Photo du film In My Room © DR

Ulrich Köhler fait partie des grands cinéastes de la talentueuse École de Berlin, au même titre que sa partenaire, Maren Ade, remarquée en Compétition avec Toni Erdman en 2016. Le réalisateur présente son quatrième long métrage à Un Certain Regard, In My Room, l’histoire d’un homme qui un jour se réveille et se retrouve seul, dans un monde déserté de toute trace de vie humaine.

Comment vous est venue l’idée du film In My Room ?
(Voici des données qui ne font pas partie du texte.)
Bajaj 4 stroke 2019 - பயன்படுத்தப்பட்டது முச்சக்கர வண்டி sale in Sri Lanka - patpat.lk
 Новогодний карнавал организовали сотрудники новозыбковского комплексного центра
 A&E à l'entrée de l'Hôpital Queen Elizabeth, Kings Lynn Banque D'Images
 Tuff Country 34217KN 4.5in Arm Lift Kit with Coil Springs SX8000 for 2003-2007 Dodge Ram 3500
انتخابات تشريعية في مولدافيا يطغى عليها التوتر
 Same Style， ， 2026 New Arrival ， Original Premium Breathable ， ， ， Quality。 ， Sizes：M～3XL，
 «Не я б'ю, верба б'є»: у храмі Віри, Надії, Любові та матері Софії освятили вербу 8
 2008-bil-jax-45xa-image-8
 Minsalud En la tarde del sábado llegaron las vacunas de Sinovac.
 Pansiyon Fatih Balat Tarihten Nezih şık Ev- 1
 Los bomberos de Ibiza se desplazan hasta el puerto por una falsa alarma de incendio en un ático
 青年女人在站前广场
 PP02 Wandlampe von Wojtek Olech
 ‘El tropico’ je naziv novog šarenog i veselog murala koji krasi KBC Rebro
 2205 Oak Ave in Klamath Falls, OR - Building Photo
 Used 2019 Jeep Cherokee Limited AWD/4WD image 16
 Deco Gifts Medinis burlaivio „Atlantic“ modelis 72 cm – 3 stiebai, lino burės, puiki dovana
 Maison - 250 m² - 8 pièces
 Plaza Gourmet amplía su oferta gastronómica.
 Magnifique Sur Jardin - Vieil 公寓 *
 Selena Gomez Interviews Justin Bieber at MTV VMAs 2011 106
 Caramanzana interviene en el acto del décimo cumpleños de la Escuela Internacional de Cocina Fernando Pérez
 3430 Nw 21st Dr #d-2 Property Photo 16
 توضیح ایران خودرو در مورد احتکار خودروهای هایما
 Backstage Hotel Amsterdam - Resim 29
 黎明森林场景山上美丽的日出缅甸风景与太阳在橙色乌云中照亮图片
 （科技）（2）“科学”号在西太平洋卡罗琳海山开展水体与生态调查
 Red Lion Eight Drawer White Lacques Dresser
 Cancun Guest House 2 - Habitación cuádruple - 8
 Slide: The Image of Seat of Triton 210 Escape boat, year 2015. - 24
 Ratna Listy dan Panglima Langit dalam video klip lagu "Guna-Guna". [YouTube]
L’idée m’est venue en lisant, pas en voyant des films. « The Wall » de Marlen Haushofer, « Schwarze Spiegel » d’Arno Schmidt’s et « Wittgenstein’s Mistress » de David Markson. Dans ces textes, l’absence des autres permet de voir des humains isolés et libérés des contraintes sociales. In My Room est le récit d’un naufragé. Il entraîne des fantasmes enfantins dans sa vie en autosuffisance dans la nature.

Le titre du film fait référence à la chanson des Beach Boys…

La chanson dit « Now it’s dark and I’m alone, but I won’t be afraid, in my room. » Pour moi, Armin est déjà un Crusoé. Avant même que l’humanité ne disparaisse, il s’est retiré, a fermé la porte et ne laisse personne entrer. Kirsi est semblable à Armin au début du film. Déçue par la vie bourgeoise, elle est devenue nomade.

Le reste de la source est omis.